Go back one more generation on the Davis family tree, and it seems Bob was destined to work games in Allen Fieldhouse. His grandfather, Edwin Davis, was a carpenter from Iola. He helped to build the Fieldhouse, Bob said.
So which is it for Bob, baseball or basketball? Both, of course, and football as well. He’s the hardest-working man in show business, calling more than 110 Kansas City Royals games as well as KU football and basketball games. He gave up his gig as the KMBZ radio morning sports guy a couple of years ago. Back then, it was common for Davis to get home from a Royals game in time to be asleep by midnight, so that he could be awakened by the 3 a.m. alarm clock.
Even by Davis’ standards, Saturday will be a busy day. He’ll call the KU-Missouri football game, be whisked to the airport in Columbia, Mo., along with athletics director Lew Perkins, equipment manager Larry Hare and former broadcaster partner Max Falkenstein. They’ll board the university airplane and fly to Las Vegas. Davis will be courtside, calling all the action in the KU-Florida game. He couldn’t have done the daily double via commercial flights.
Davis isn’t ashamed to acknowledge he’s hoping for a pair of upsets on Saturday.
“One thing about play by play,” Davis said. “There are about as many different ways to do it as there are people doing it. There are big homers. There are neutral guys. There are bland, stay-down-the middle guys. There are wildly enthusiastic guys. I think you have to be yourself, be who you are, but you’ve got to really love it, and you’ve got to have a feel for who your audience is. Doing a KU game, a big lion’s share of my audience is going to be KU fans. It’s the Jayhawk Radio Network. It’s not a neutral, CBS national broadcast, so it’s OK and it’s good if KU wins.
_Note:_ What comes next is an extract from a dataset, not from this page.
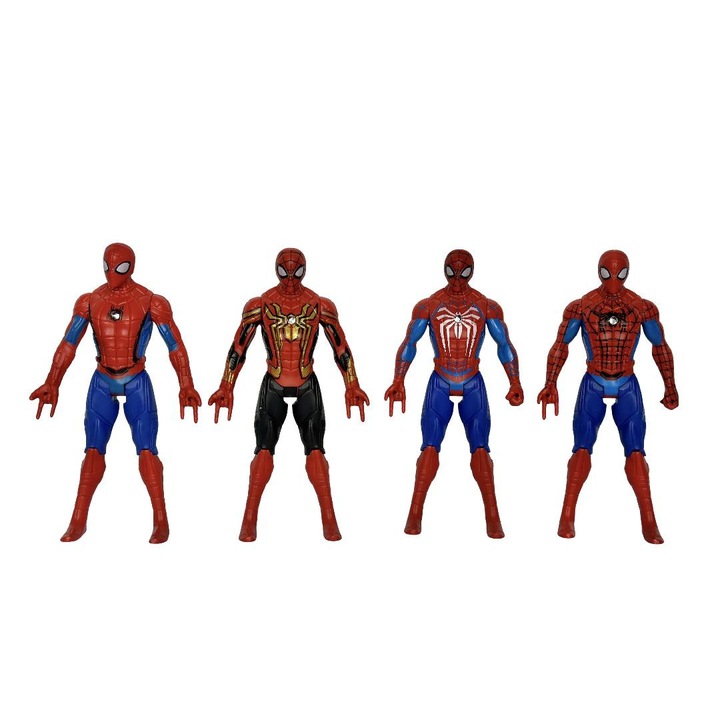 Set 4 figurine super eroi, Spiderman, iluminate led si articulate, 17 cm, +4 ani, HAPPY JOKER®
“There’s a difference between being biased and impartial. You have to be an impartial reporter, but it’s OK to be happy. In sportscasting, you are both a reporter and an entertainer. I’m reporting about a game, but it’s also fun. For the listener, it’s their fun.”
Davis lives in Lawrence with wife, Linda, and their son, Steven, when Steven is not off calling games for the Idaho Falls Royals, a short-season Class A team. Steven worked as a KU basketball manager for two years under Roy Williams and two under Bill Self. Bob’s father also lives in Lawrence, at Pioneer Ridge.
“His blood pressure’s better than mine,” Davis said. “And he’s always cheerful and upbeat.”
So is Bob Davis, 62 and a graduate of Washburn University. Born in Iola, Davis also lived in Independence, Manhattan and Topeka before getting his first break calling high school and college games in Hays.
Davis recently was inducted into the Kansas Association of Broadcasters Hall of Fame. Thus far, the honor hasn’t made the down-home Davis conceited.
“(Late, great) Will Grimsley was named national sports writer of the year and he told me once: ‘You think this is a great achievement and you get kind of full of yourself. I was flying first class and the flight attendant looked at me and said, ‘Sir, I think I know who you are.’ My head kind of swelled up and I asked her who she thought I was. She said: ‘Are you Captain Kangaroo?’ ”
The flight remained in the air, but Grimsley was brought right back down to earth.
Davis doesn’t fancy himself a celebrity, but ask him for the best advice for how to do play by play, and he’ll offer a response.
“You have to hook your eyes and your mouth up together and eliminate your brain,” he said.
So far, the recurring nightmare that haunted Davis back when he was learning his trade in Hays hasn’t come to life.
“I used to have it every year, before the first football game of the year,” Davis remembered. “The game had started, they kicked off, and I couldn’t think of anything to say.”
The seasons change, and so do Davis’ partners, from Paul Splittorff to David Lawrence to Chris Piper, but the lead voice remains the same, equal parts descriptive and enthusiastic. Davis will call an opening kickoff in the Midwest and an opening tip two time zones away, all in one day. He’ll think of something to say, or rather, say something without even thinking about it. Remember, eliminate your brain.